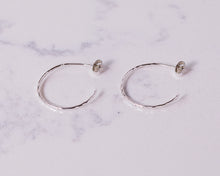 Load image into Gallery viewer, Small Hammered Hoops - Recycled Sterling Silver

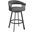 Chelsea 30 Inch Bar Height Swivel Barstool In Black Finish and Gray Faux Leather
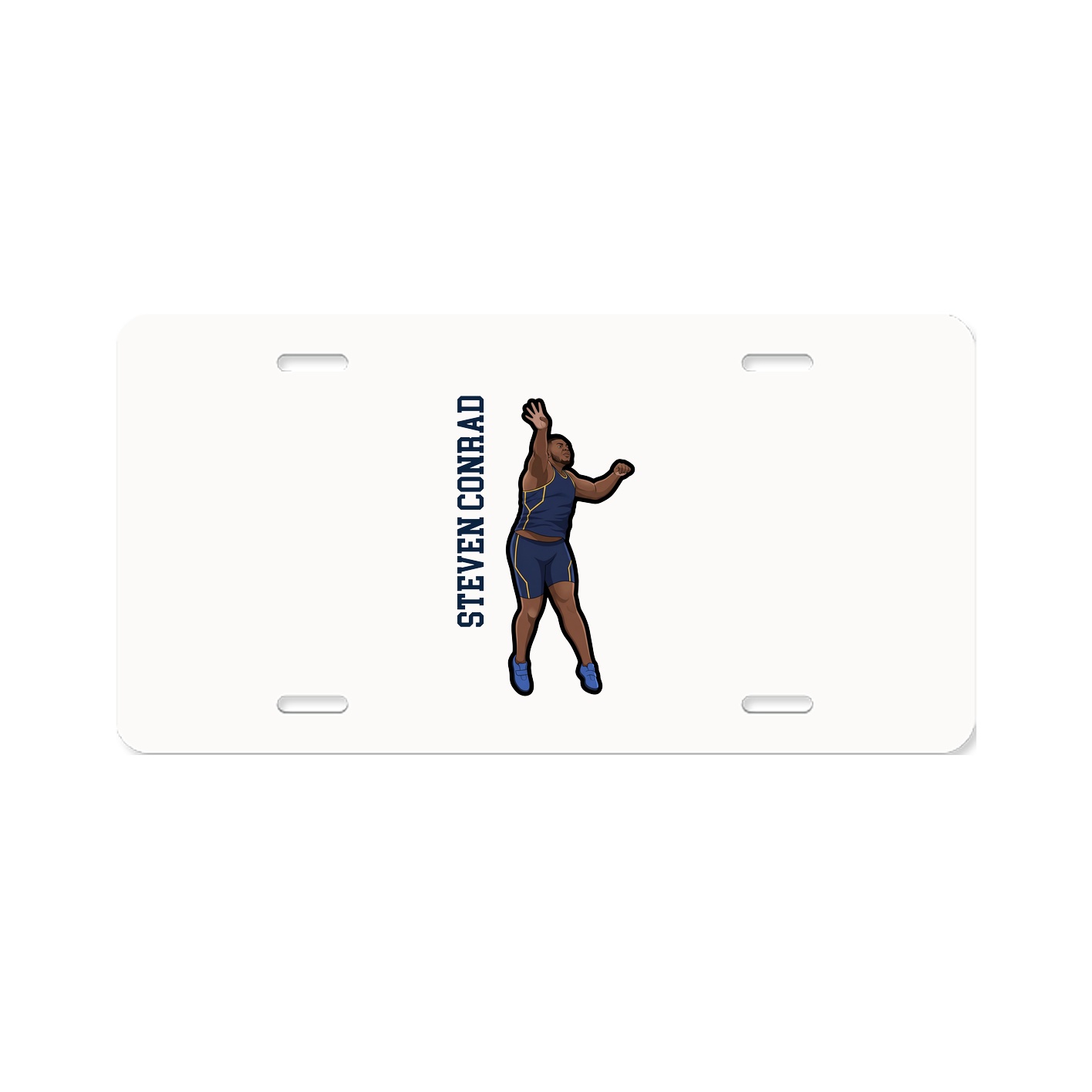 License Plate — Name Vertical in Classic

## WORK REQUEST
The answer should be the full material above, printed exactly, with no pictures in it.

## EXERCISE RESULT
 Load image into Gallery viewer, Small Hammered Hoops - Recycled Sterling Silver

 Chelsea 30 Inch Bar Height Swivel Barstool In Black Finish and Gray Faux Leather
 License Plate — Name Vertical in Classic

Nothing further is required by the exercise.